The ceiling area needed to come down in that area since a piece of wall we removed needed fresh ceiling in the removed part.

The sheetrock was attached to the floor studs from the upstairs.

The seam was taped and spackled (a lot).

There is no walking space above the area (closet), but the upstairs contains two bedrooms.

I've heard that sheetrock-to-plaster is often a problem...even more so when there is some element of house weight pushing down on the area (no load-bearing issues though).

I'm wondering if there is some sort of solid tape and or gluey substance that could applied to the area, sanded, then painted over to mitigate the cracking.

Picture to come tonight.

Thanks again.


----------



## AtlanticWBConst. (May 12, 2006)

TivoTron said:


> The seam was taped and spackled (a lot).


But, what did you use to tape it with. My guess, at this point is "mesh tape". My other guess is that you used ready mix compound out of a bucket.

Did you attach enough screws at the seams?

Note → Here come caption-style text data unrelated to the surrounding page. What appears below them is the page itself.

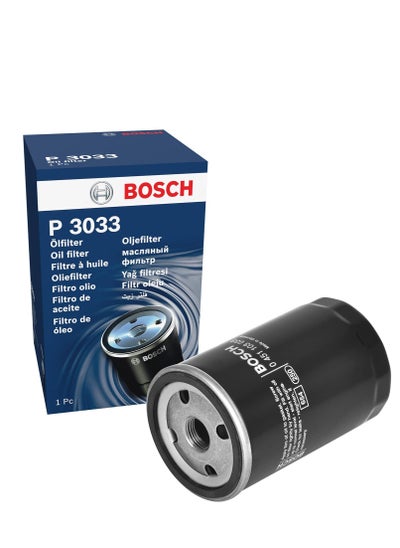 Buy P 3033 Oil Filter for Skoda - Volkswagen- Seat in Egypt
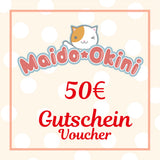 Maido Okini - Geschenkgutschein
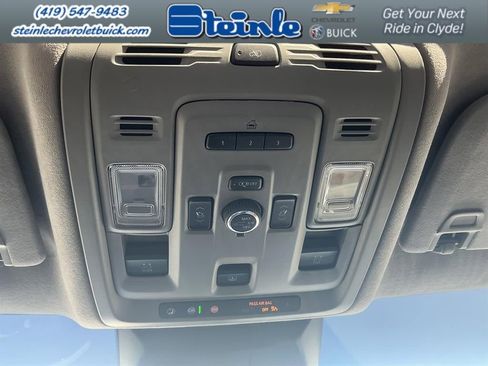 Used 2024 Cadillac Escalade Premium Luxury Platinum w/ Heavy-Duty Trailer Package image 33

If I am correct about the mesh tape, then that is your problem. Always use paper tape when using ready mix compound. (Mesh for "hot Mud"/ Easy Sand Quickdry.



TivoTron said:


> I've heard that sheetrock-to-plaster is often a problem...


No, that is never a problem.



TivoTron said:


> I'm wondering if there is some sort of solid tape and or gluey substance that could applied to the area, sanded, then painted over to mitigate the cracking.

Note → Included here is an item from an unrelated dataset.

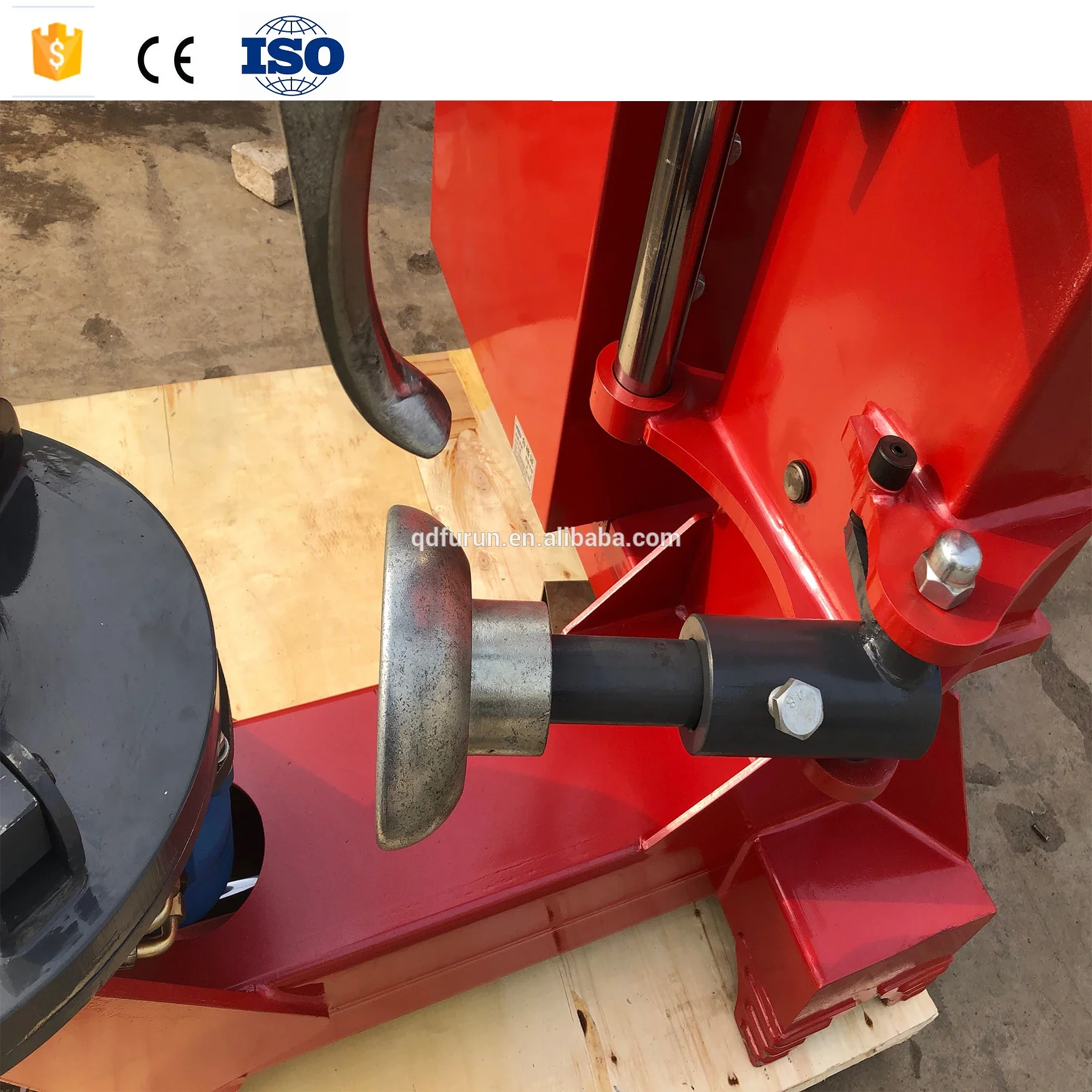 Machine de changeur de pneus de camion lourd certifiée CE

Get back to me first about the mesh vs. paper tape...


----------



## TivoTron (Feb 13, 2008)

AtlanticWBConst. said:


> But, what did you use to tape it with. My guess, at this point is "mesh tape". My other guess is that you used ready mix compound out of a bucket.
> 
> Did you attach enough screws at the seams?
> 
> ...


Both tape was used. The spackle was the stuff that comes in those big white buckets (I think it was the blue-lid, quick dry stuff).


----------



## AtlanticWBConst. (May 12, 2006)

You should use only paper tape with ready mix compound.

1.) Remove tape. scrape down compound....or if need be, remove the patch and start over.

2.) Did you add enough framing to attach the patch to? If not add some. If possible, add a continuous line of wood nailing surface along all seams.

3.) Make sure that all 4 seams are properly screwed off. Make sure that the paper is not broken by the screw heads. 
(If you don't attach enough screws at seams, then this can contribute to cracks)

3.) Make sure that you apply the paper tape properly, with enough compound under it, over the seams.

4.) Coat the areas again per standard procedure (over the paper tape).

Lastly, You could also use Hot mud or easy sand to do your first coating, as it hardens stronger than ready mix. Finish coat it with ready mix...


----------